At the end of February we announced the arrival of the first US recession since 2009 and we predicted that the market will decline by at least 20% in (see why hell is coming). In these volatile markets we scrutinize hedge fund filings to get a reading on which direction each stock might be going. In this article, we will take a closer look at hedge fund sentiment towards W&T Offshore, Inc. (NYSE:WTI) at the end of the first quarter and determine whether the smart money was really smart about this stock.
W&T Offshore, Inc. (NYSE:WTI) was in 11 hedge funds’ portfolios at the end of March. WTI investors should pay attention to a decrease in hedge fund sentiment recently. There were 17 hedge funds in our database with WTI positions at the end of the previous quarter. Our calculations also showed that WTI isn’t among the 30 most popular stocks among hedge funds (click for Q1 rankings and see the video for a quick look at the top 5 stocks).
Video: Watch our video about the top 5 most popular hedge fund stocks.
Hedge funds’ reputation as shrewd investors has been tarnished in the last decade as their hedged returns couldn’t keep up with the unhedged returns of the market indices.
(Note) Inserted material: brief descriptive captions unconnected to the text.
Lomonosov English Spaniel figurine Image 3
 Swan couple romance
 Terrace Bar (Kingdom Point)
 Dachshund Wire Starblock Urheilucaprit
Our research has shown that hedge funds’ small-cap stock picks managed to beat the market by double digits annually between 1999 and 2016, but the margin of outperformance has been declining in recent years. Nevertheless, we were still able to identify in advance a select group of hedge fund holdings that outperformed the S&P 500 ETFs by 58 percentage points since March 2017 (see the details here). We were also able to identify in advance a select group of hedge fund holdings that underperformed the market by 10 percentage points annually between 2006 and 2017. Interestingly the margin of underperformance of these stocks has been increasing in recent years. Investors who are long the market and short these stocks would have returned more than 27% annually between 2015 and 2017. We have been tracking and sharing the list of these stocks since February 2017 in our quarterly newsletter.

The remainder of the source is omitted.